** Opening MATERIALS PROVIDED block **
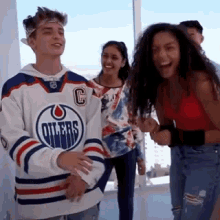 Now United Nowunitedstan GIF - Now United Nowunitedstan Beauany GIFs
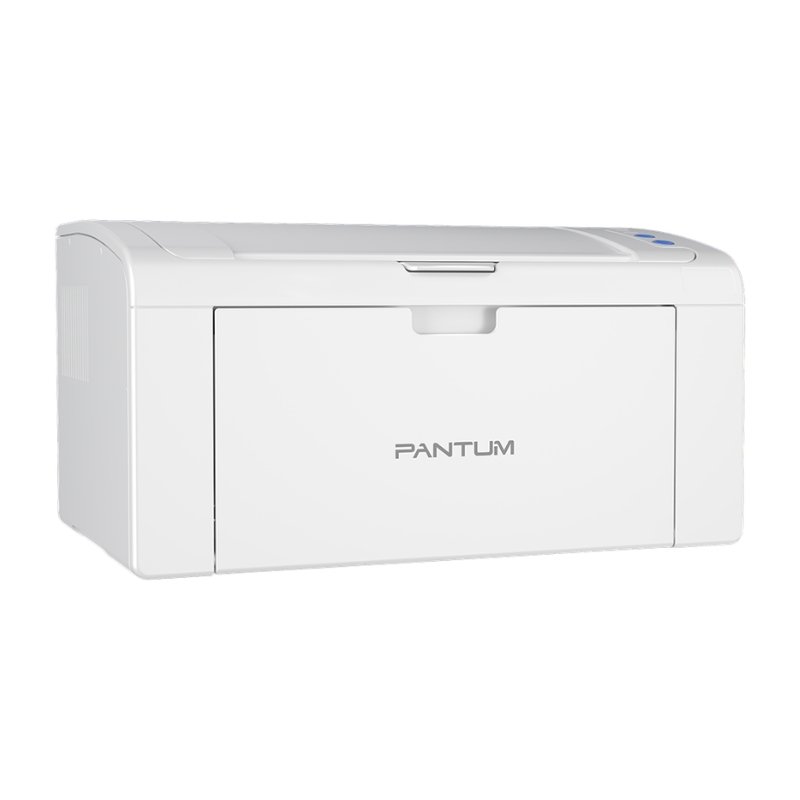 Pantum Printer P2509w Mono Laser Single Function Printer Vsonic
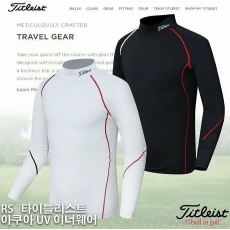타이틀리스트 아쿠아 이너웨어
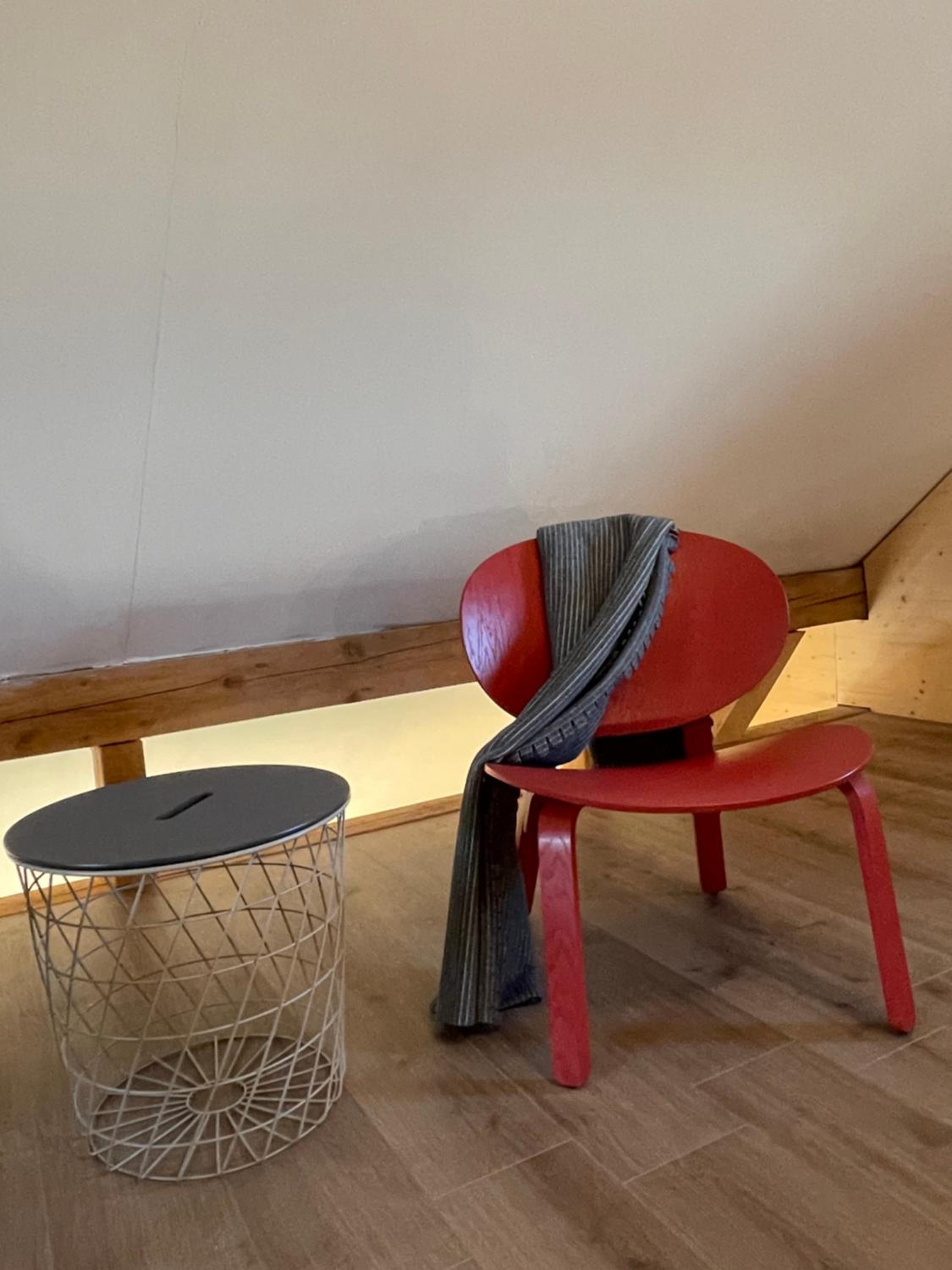 Blackforest Homestay Apartments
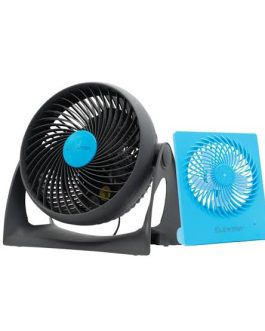 Elektra 2704 - Turbo Color Air + One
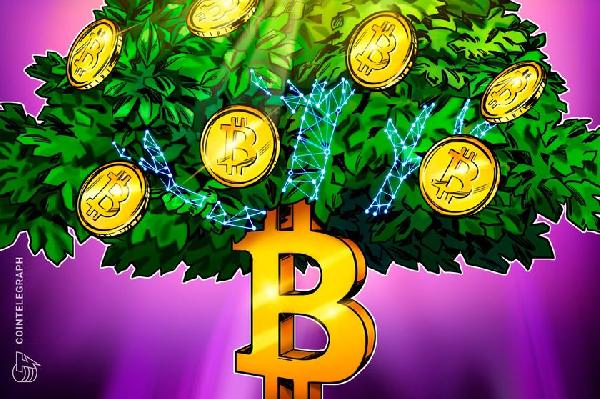 Bitcoin Ordinals ORDI token tops $1B market cap after 850 monthly gain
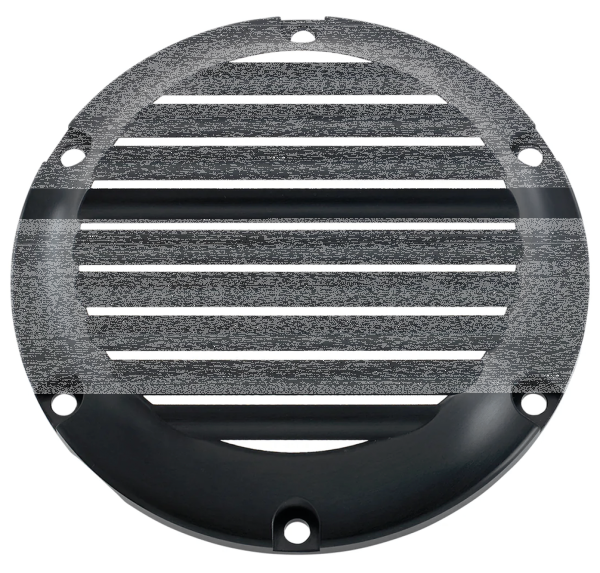 JM Derby Cover Finned CC XL04-22 (GB)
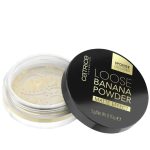 CATRICE POWDER BANANA YELLOW MATT
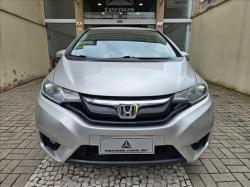 HONDA Fit 1.5 16V 4P EX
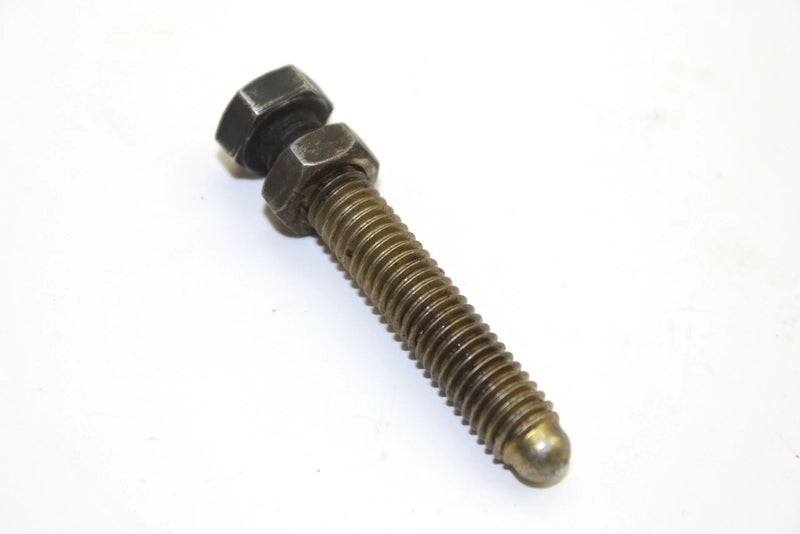 Arctic Cat OEM Chain Case Tensioner Bolt 0602-638 Q2386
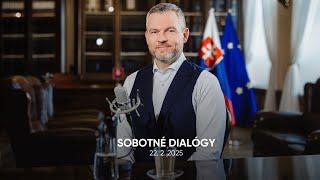 Sobotné dialógy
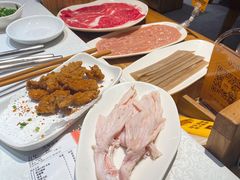 -巴奴毛肚火锅(大剧院店)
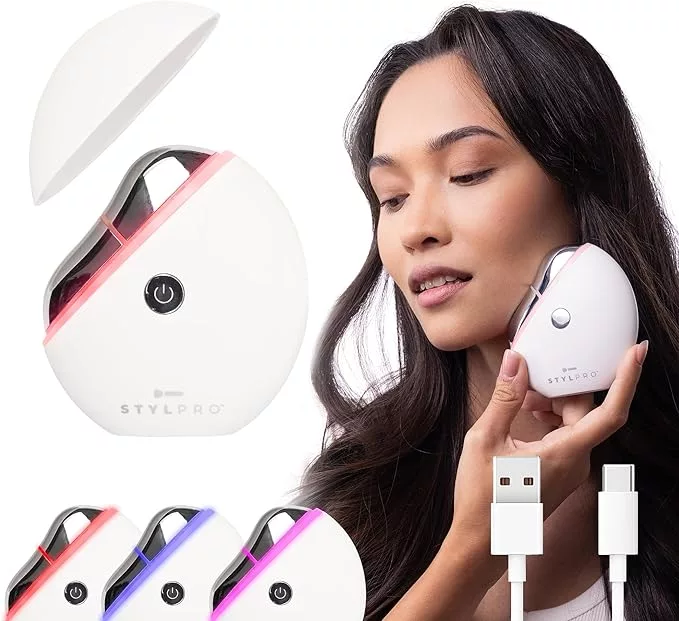 HEATED LED ELECTRIC GUA SHA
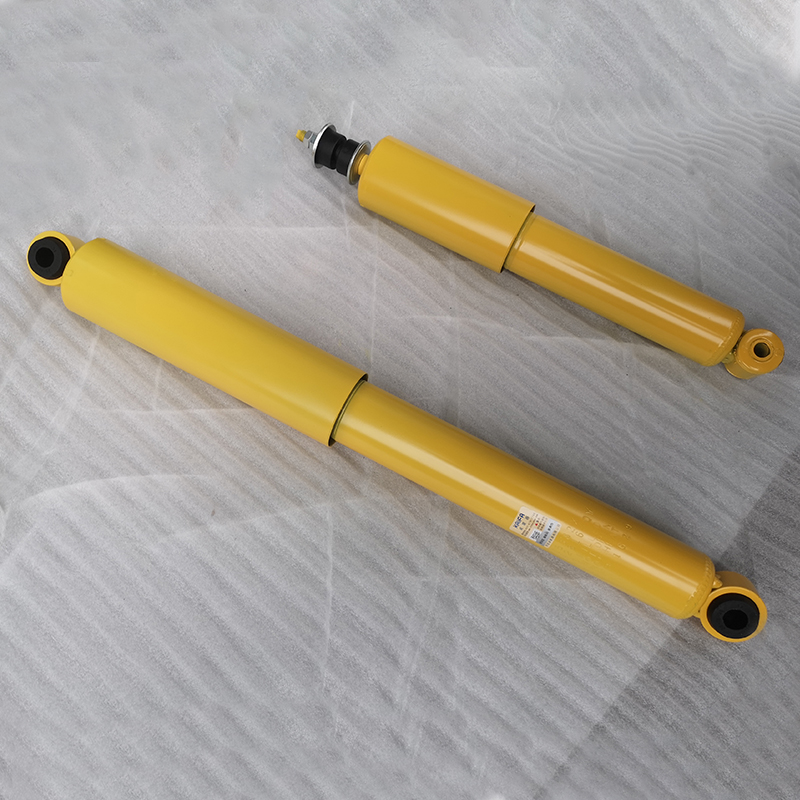 三菱猎豹加粗前后减震器避震器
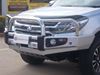 Picture of Dobinsons Stainless Loop Bullbar - RG Colorado (07/16 - On)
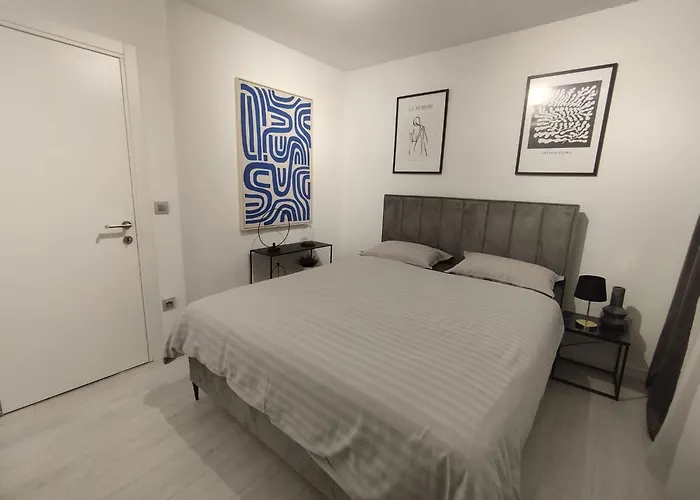 דירה Salt & Stone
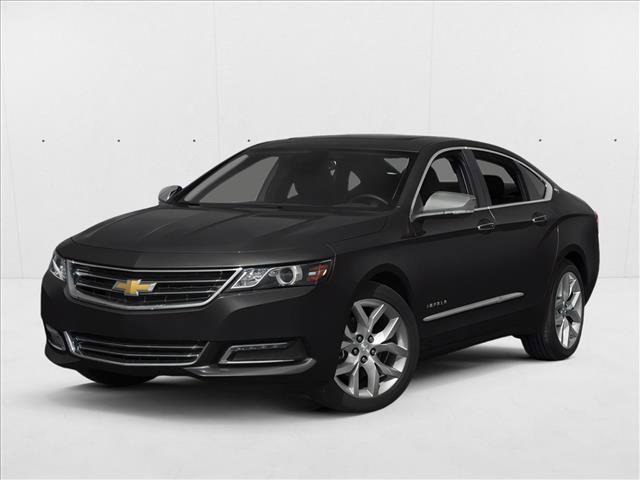 Used 2014 Chevrolet Impala LT w/ Premium Seating Package image 1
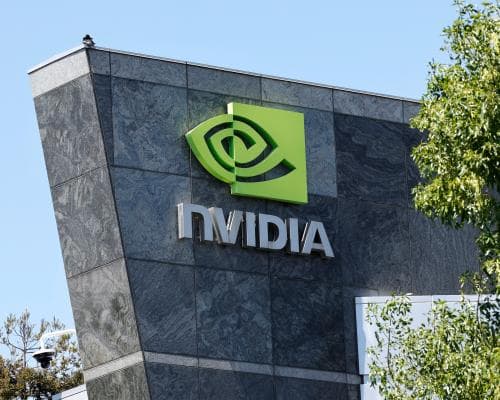 Nvidia, UK Wealth Fund invest $50 million in British autonomous‑driving startup Oxa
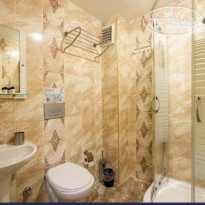 La Luna Suite Apartments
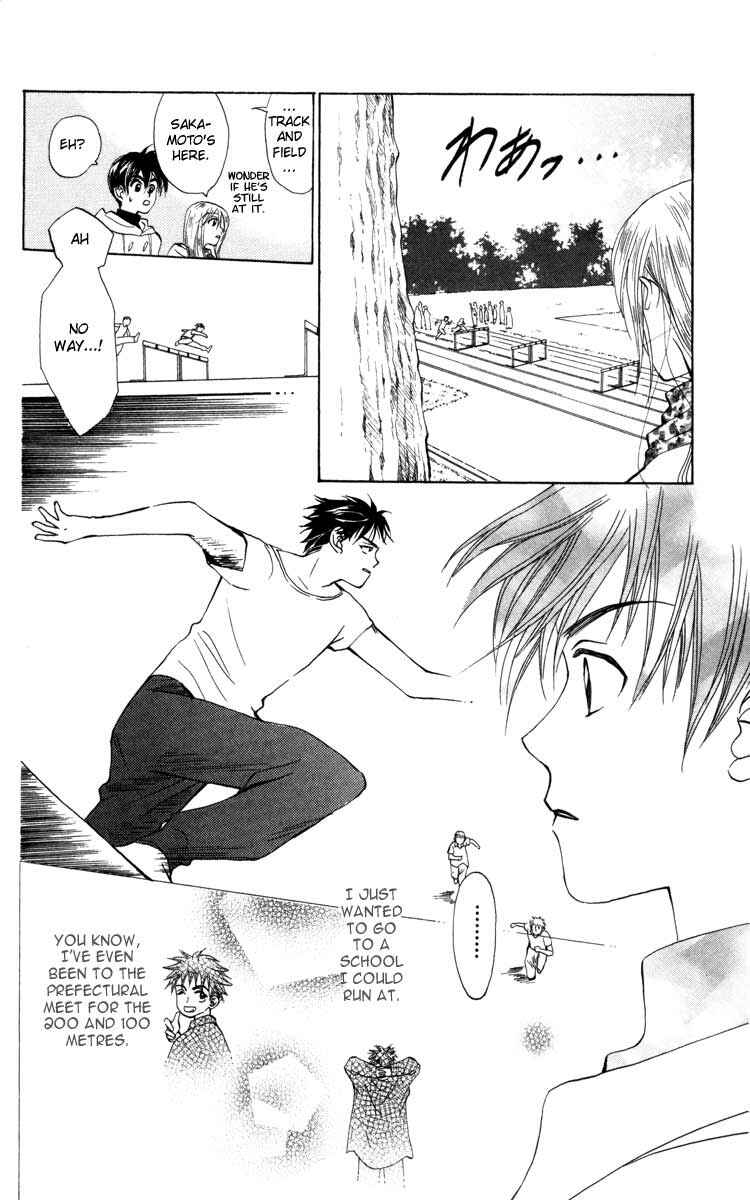 Page 16 Chapter 21 W Juliet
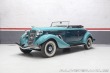 Ostatní značky Ostatní modely Auburn 851 SC Roadster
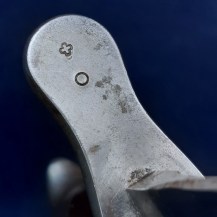 Swiss M1918 Schmidt Rubin Bayonet by Elsener Schwyz - Victorinox - 6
** Closing MATERIALS PROVIDED block **
All of the entries, apart from the pictures, must be returned exactly.

 Now United Nowunitedstan GIF - Now United Nowunitedstan Beauany GIFs
 Pantum Printer P2509w Mono Laser Single Function Printer Vsonic
타이틀리스트 아쿠아 이너웨어
 Blackforest Homestay Apartments
 Elektra 2704 - Turbo Color Air + One
 Bitcoin Ordinals ORDI token tops $1B market cap after 850 monthly gain
 JM Derby Cover Finned CC XL04-22 (GB)
 CATRICE POWDER BANANA YELLOW MATT
 HONDA Fit 1.5 16V 4P EX
 Arctic Cat OEM Chain Case Tensioner Bolt 0602-638 Q2386
 Sobotné dialógy
 -巴奴毛肚火锅(大剧院店)
 HEATED LED ELECTRIC GUA SHA
 三菱猎豹加粗前后减震器避震器
 Picture of Dobinsons Stainless Loop Bullbar - RG Colorado (07/16 - On)
 דירה Salt & Stone
 Used 2014 Chevrolet Impala LT w/ Premium Seating Package image 1
 Nvidia, UK Wealth Fund invest $50 million in British autonomous‑driving startup Oxa
 La Luna Suite Apartments
 Page 16 Chapter 21 W Juliet
 Ostatní značky Ostatní modely Auburn 851 SC Roadster
 Swiss M1918 Schmidt Rubin Bayonet by Elsener Schwyz - Victorinox - 6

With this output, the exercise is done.